Não há atrasos nem dúvidas. Quando se aceita (temporariamente) a premissa básica da série, segundo a qual Doctor Who é um alienígena imortal benevolente que periodicamente "regenera" de uma forma humana para outra, não sendo sequer consistente em termos de etnia ou género de um corpo para o outro, sabe-se instantaneamente que é o mesmo Doutor, apesar das aparências.

Com o velho e querido Dalai Lama, é diferente. A reencarnação continua a acontecer, mas as almas dos mortos migram para os corpos dos recém-nascidos e não retêm qualquer memória das suas vidas anteriores. Isto torna-se um problema quando a alma do líder da sua religião tem de ser encontrada num dos milhares que nasceram na mesma altura em que o líder morreu.

É exatamente esse o problema que enfrenta a tradição Gelug "Chapéu Amarelo" do budismo tibetano, cujo líder, o Dalai Lama, fez 90 anos no domingo. Em breve, deixará a sua atual encarnação e caberá aos seus colaboradores mais próximos encontrar a criança em que a sua alma se instalou - que se tornará o próximo Dalai Lama.

É aí que começam os problemas, porque o Tibete faz oficialmente parte da República Popular da China desde a invasão chinesa de 1950 e Pequim não gosta de líderes religiosos que estejam fora do seu controlo. De facto, Pequim não gosta nada de líderes religiosos, especialmente se estes também encarnam as aspirações nacionais de um povo submetido - e muito menos se vivem no estrangeiro

O Dalai Lama preenche todos os requisitos. Fugiu do Tibete no meio de uma rebelião popular contra o domínio estrangeiro, apoiada pela CIA, em 1959. Desde então, tem vivido no exílio na cidade de Dharamshala, no norte da Índia, rodeado por dezenas de milhares de outros exilados tibetanos. E dirige o que é, na prática, um governo tibetano no exílio, embora nenhum outro país o reconheça.

Existe, no entanto, uma grande simpatia ambiental pelo Tibete, não só nos países ocidentais, mas também nos países do Sul global que obtiveram a sua independência no momento em que o Tibete estava a perder a sua. Nunca dizem nada em voz alta sobre o assunto, porque a China é demasiado grande e rica para se arriscar a ofender, mas reconhecem uma relação colonial quando a vêem.
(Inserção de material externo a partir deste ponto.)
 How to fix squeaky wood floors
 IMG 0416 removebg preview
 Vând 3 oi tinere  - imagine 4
Isto deixa as autoridades comunistas de Pequim nervosas, apesar de não haver um verdadeiro desafio ao controlo chinês. Por isso, vêem o falecimento do Dalai Lama, quando acontece, como uma oportunidade de ouro para "nacionalizar" o budismo tibetano, dando ao Estado o poder de escolher o seu sucessor.

Já tivemos uma antevisão desta situação há 35 anos, quando morreu o Panchen Lama, o segundo depois do Dalai Lama. Depois de uma longa mas discreta busca, os monges tibetanos encontraram um rapaz de seis anos chamado Gedhun Choekyi Nyima que satisfazia os requisitos e o Dalai Lama (no exílio) proclamou-o como o novo Panchen Lama em 1995.
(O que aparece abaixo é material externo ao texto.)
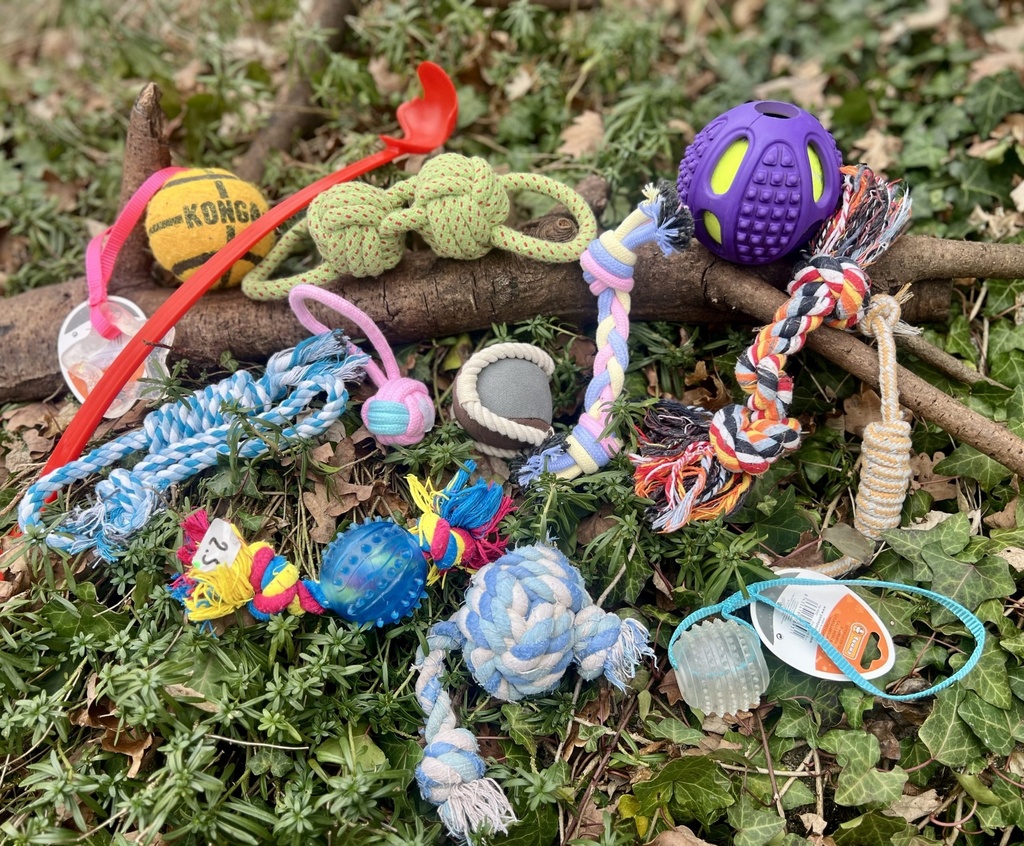 [Box Premium interaction] 🐕 Box Premium Jouets d'interaction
O rapazinho e a sua família foram imediatamente presos e "desapareceram"; nunca mais nenhum deles foi visto. O Dalai Lama não vai cometer esse erro duas vezes: já disse que a sua próxima reencarnação será no "mundo livre", o que presumivelmente significa fora da China.
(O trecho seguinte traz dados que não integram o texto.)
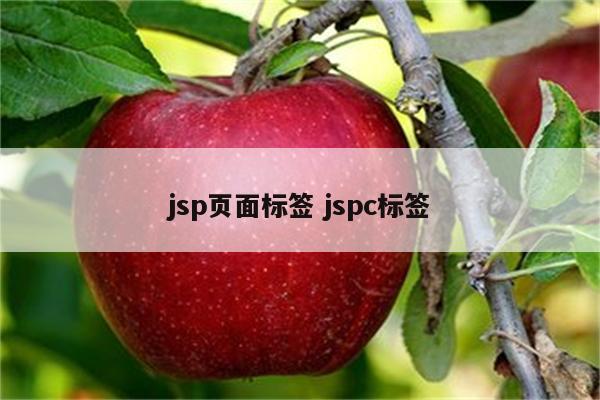 jsp页面标签 jspc标签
Mas a grande maioria dos tibetanos continua a viver no Tibete e já é evidente que vão ter um Dalai Lama diferente, escolhido para eles pelo regime comunista. Pode acabar como o Grande Cisma Ocidental de 1378-1417, com dois e depois três papas ao mesmo tempo - e essa situação pode facilmente durar o mesmo tempo, dependendo do que acontecer à China a longo prazo.

Em última análise, tudo isto tem a ver com a sobrevivência de uma identidade tibetana separada, que ainda é teoricamente possível. Pequim ainda não adoptou a solução final que está a aplicar à minoria uigur: nas escolas de ambas as regiões só se pode falar chinês, mas os tibetanos ainda não estão a ser afogados em imigrantes chineses de etnia han.

O regime comunista chinês é agora um pouco mais velho do que era a União Soviética quando entrou em colapso, mas o PCC continua forte. Se durar mais cinquenta anos, a identidade do Tibete será certamente erradicada, pois há mais de 200 chineses por cada tibetano. Mas se desaparecer dentro de 20 anos, a cultura tibetana pode muito bem sobreviver.